The Goodspeed Opera House revived the musical with a new book by Charles Busch, who transformed it into a camp satire of 1950s movie musicals and an affectionate tribute to the genre. The musical ran at Goodspeed in September 1988.

==Synopsis==

- Act I
A Hollywood starlet, Wynne, is in Sicily with her sister Elsey to film her movie debut in a low-budget musical ("Italy"). She falls in love with U.S. Navy lieutenant Bill Kelley ("Nothing at All"). The two secretly marry, violating a clause in her contract. With the aid of her sister and two of her husband's service buddies, Dinky and Spud, Wynne disguises herself as a sailor ("Walk Like a Sailor") and stows away on Bill's ship, the U.S.S. Alamo, so that they can slip away for a honeymoon. When they reach Morocco, they run into Bill's jealous Moroccan ex-girlfriend, Lucia ("Headin' for the Bottom"), who is now the mistress of the leader of an espionage ring. As revenge, Lucia implicates him as a spy.

- Act II
With the help of her sister and his buddies, Wynne and Bill eventually find a way to absolve him of the charges, he becomes a hero, and they live happily ever after ("Eleven O'Clock Song").

==Musical numbers==

- Act I
- "Italy" – Chorus
- "Old-Fashioned Mother" – Elsey and Wynne
- "Skip the Build-Up" – Elsey
- "Nothing at All" – Wynne and Bill
- "Skip the Build-up" (reprise) – Dinky
- "Walk Like a Sailor" – Wynne, Dinky, Spud, Girl, Elsey, Hank Brujes and Skeet Geunther
- "Headin' for the Bottom" – Chipolata, Girls and Patrons of night spot
- "Nothing Can Replace a Man" – Wynne and Boys
- "Here's to Dear Old Us" – Elsey, Dinky and Spud
- "His and Hers" – Wynne and Bill
- "La Festa" – Chorus

- Act II
- "Ready Cash" – Chorus
- "Kiss Me and Kill Me with Love" – Wynne and Bill
- "Honeymoon" – Elsey and Girls
- "The Villain Always Gets It" – Chorus
- "The Code" – Joe's Henchmen
- "Walk Like a Sailor" (reprise) – Chorus
- "Eleven O'Clock Song" – Elsey and Wynne
- "Finale" – Company

== Reception==
Reviews were mostly unfavorable, commenting that the show's old vaudeville style no longer worked in the post-Oklahoma! era. Brooks Atkinson of The New York Times wrote: "Imagine that nothing interesting has developed in the field of musical comedy for the last ten or fifteen years", and Walter Kerr of the Herald Tribune said: "Some of us have been campaigning lately for a return to the old-fashioned, slam-bang, gags-and-girls musical comedy. Some of us ought to be shot." A review in the New York Post was equally critical: "My impression of Ankles Aweigh is that it has neither the brightness and wit to be satisfying as satire or the charm to be winning as nostalgia. ... The libretto ... seems to be remembered by Guy Bolton and Eddie Davis rather than written. ... I assuredly didn't enjoy Ankles Aweigh, but I would be the last to claim it was trying to deceive anybody." A more mixed assessment from William Hawkins writing in the New York World–Telegram and Sun praised the costumes, saying "every girl in it had the choice of a lifetime dress to wear."

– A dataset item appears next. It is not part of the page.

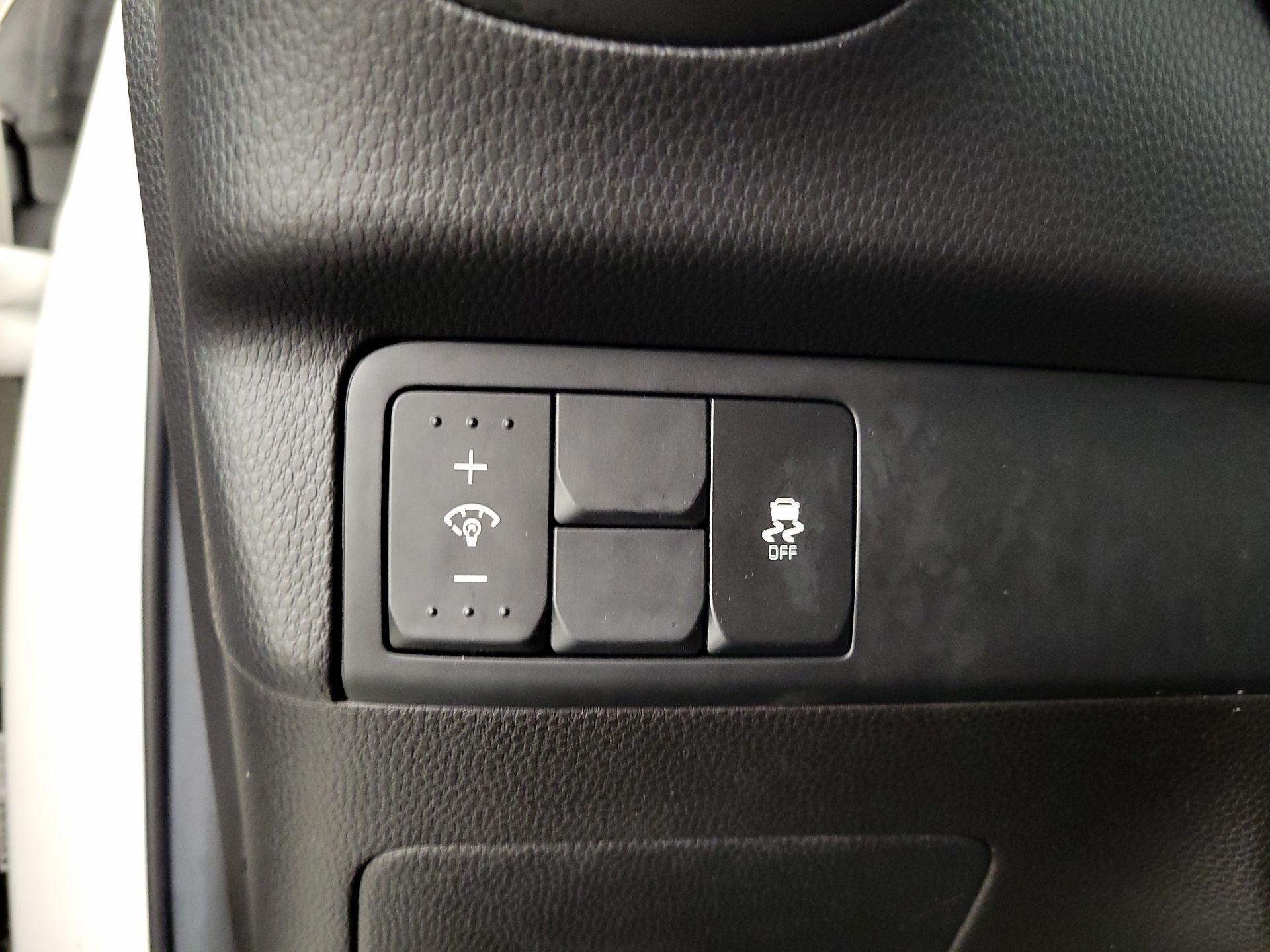 Thumbnail: 2014 Kia Soul - 13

The Goodspeed revival was better received by audiences, but not by critics: "For all the inventiveness of its intentions," Alvin Klein wrote in The New York Times, the revival "clinches the show's status as a musical that one will go on forgetting to remember."

== Recordings ==
An original cast recording was released by Decca Records in 1955. The recording does not include the songs "Old Fashioned Mothers", "The Villain Always Gets It", and "The Code". In addition, the song "Nothing Can Replace a Man" appears after "Ready Cash", instead of after "Headin' for the Bottom". A CD re-issue was released in 2004.